Very nice web site.  I think I just saw a new bench mark for corporate sites!!


----------



## Burrows (17 Aug 2008)

Amazing tribute video.  I'm definitely awestruck.

On an anal note - at the cenotaph ceremony at 1:06 there is an office saluting with the wrong hand.


----------



## Shamrock (17 Aug 2008)

Inverted image.


----------



## Burrows (17 Aug 2008)

Seen.  Thanks - I was trying to figure out exactly what was up when I noticed the beret was the wrong way too.  I figured he could be a lefty though.  :blotto:


----------



## TrexLink (17 Aug 2008)

Used to be mandaated at times in the old-time RCN. Now generally reserved for recruits and Honourary Colonels.


----------



## BernDawg (17 Aug 2008)

Kyle Burrows said:
			
		

> Amazing tribute video.  I'm definitely awestruck.
> 
> On an anal note - at the cenotaph ceremony at 1:06 there is an office saluting with the wrong hand.

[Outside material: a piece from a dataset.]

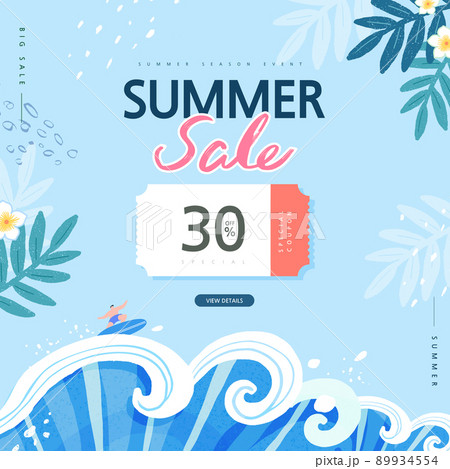 海 波 サーフィン 89934554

I agree the video is superb.  Well done NSC.

If you carefully watch the vid the saluting scene is shown twice and the second time it's right-way-round.


----------



## Burrows (17 Aug 2008)

TrexLink said:
			
		

> Used to be mandaated at times in the old-time RCN. Now generally reserved for recruits and Honourary Colonels.



"You there, with the leaves and crown on your chest.  I'm your new Colonel.  Whats that thingy called where I raise my hand? Sun shield or something?"

The music is stuck in my head now.


----------